What you write should match, word for word, the lines from the one containing "A composite image" through the end of the data, with no pictures.

[Saved data entries]
- - - - -

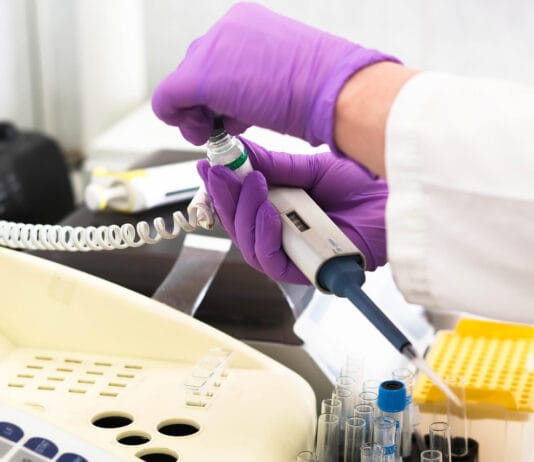 Odpowiedzialna profilaktyka w związku: kiedy wykonać VDRL i jak o tym rozmawiać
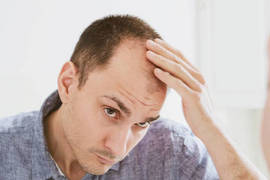 Prosthetic hair or hair transplant: which one is better?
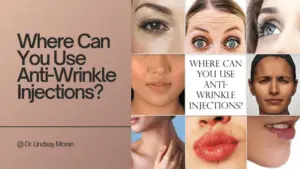 A composite image showing various facial expressions and areas where anti-wrinkle injections can be applied, accompanied by the title "Where Can You Use Anti-Wrinkle Injections?"—a premier wrinkle treatment credited to Dr. Lindsay Moran.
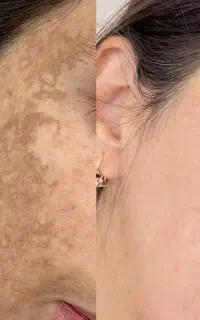 با لک و جوش هات خدافظی کن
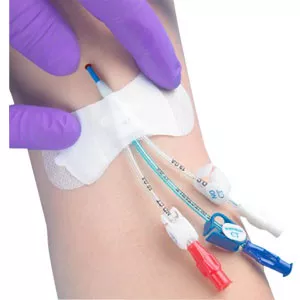 Tidi 3300MWA - Grip-Lok Securement Device for Universal PICC Catheter, 3-1/2", 1/4" - 1/2" Tubing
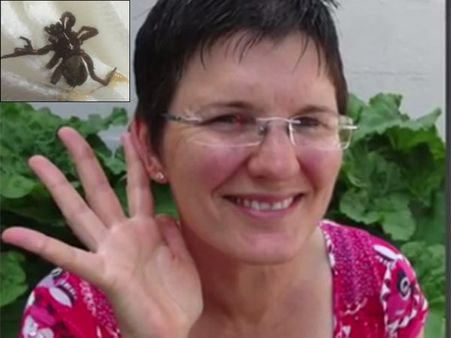 பெண்ணின் காதுக்குள் குடியேறிய சிலந்தி... ஆபரேசன் மூலம் நீக்கம்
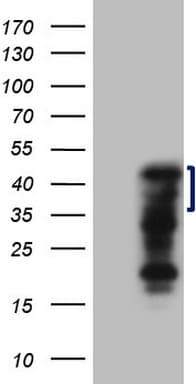 ZC3H8 Antibody (clone OTI5B12)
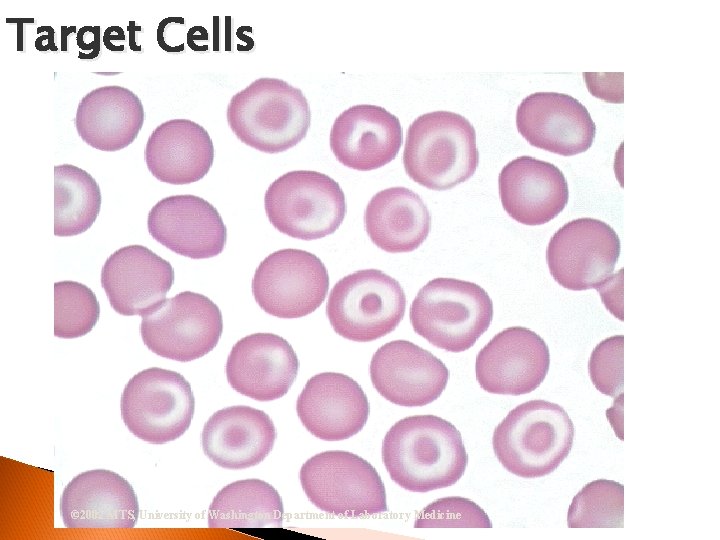 Target Cells © 2002 MTS, University of Washington Department of Laboratory Medicine 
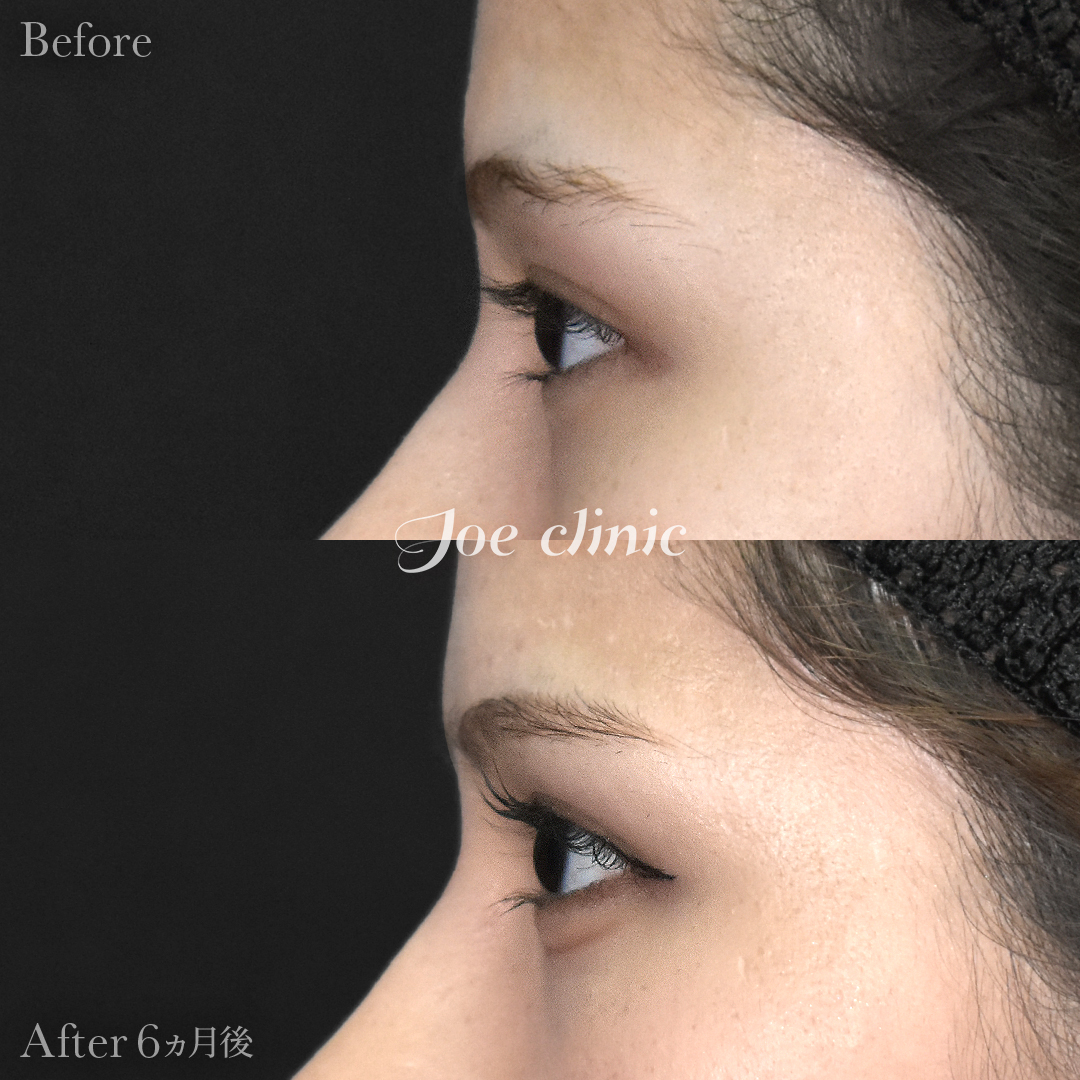 【10代女性】二重全切開法｜6ヵ月後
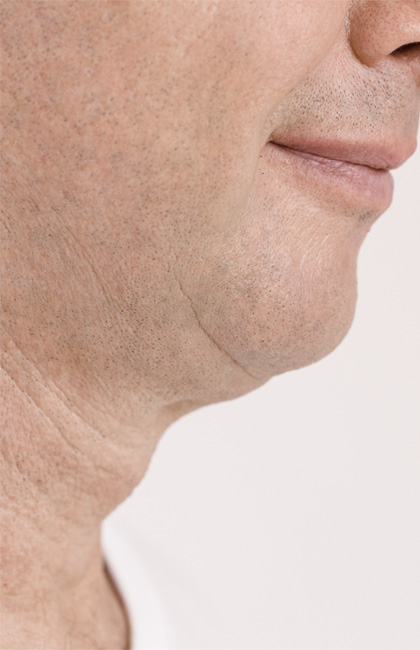 Lifting cuello antes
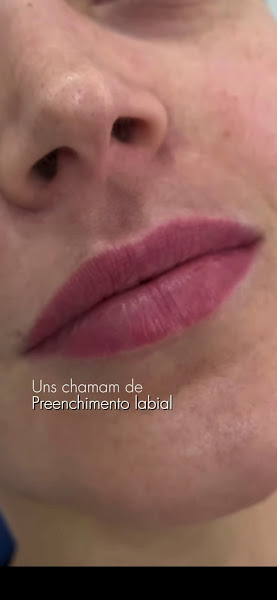 Foto 2 de Dra. Bruna Marques | Harmonização Facial | Cascavel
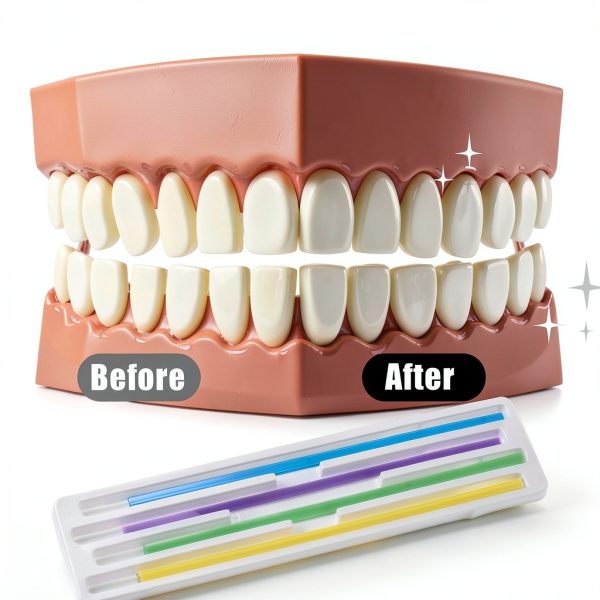 Qianyu Dental Sanding Strips 60pcs Resin Polishing Kit ColorCoded-4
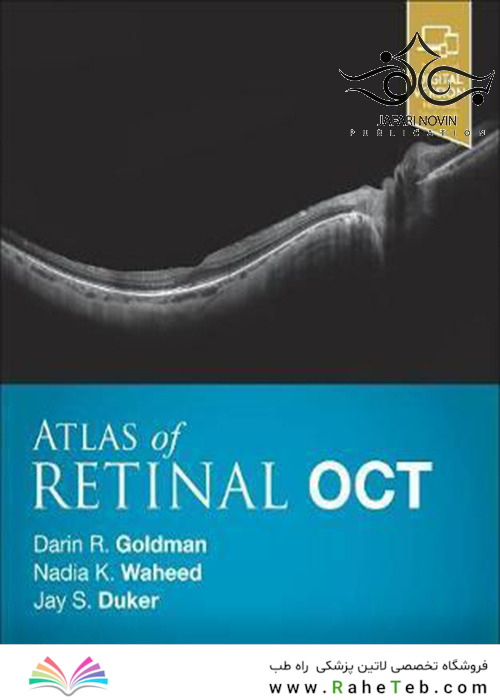 Atlas of Retinal OCT: Optical Coherence Tomography 1st Edition2018 اطلس توموگرافی انسجام نوری شبکیه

- - - - -

EXERCISE ANSWER
 A composite image showing various facial expressions and areas where anti-wrinkle injections can be applied, accompanied by the title "Where Can You Use Anti-Wrinkle Injections?"—a premier wrinkle treatment credited to Dr. Lindsay Moran.
 با لک و جوش هات خدافظی کن
 Tidi 3300MWA - Grip-Lok Securement Device for Universal PICC Catheter, 3-1/2", 1/4" - 1/2" Tubing
 பெண்ணின் காதுக்குள் குடியேறிய சிலந்தி... ஆபரேசன் மூலம் நீக்கம்
 ZC3H8 Antibody (clone OTI5B12)
 Target Cells © 2002 MTS, University of Washington Department of Laboratory Medicine 
 【10代女性】二重全切開法｜6ヵ月後
 Lifting cuello antes
 Foto 2 de Dra. Bruna Marques | Harmonização Facial | Cascavel
 Qianyu Dental Sanding Strips 60pcs Resin Polishing Kit ColorCoded-4
 Atlas of Retinal OCT: Optical Coherence Tomography 1st Edition2018 اطلس توموگرافی انسجام نوری شبکیه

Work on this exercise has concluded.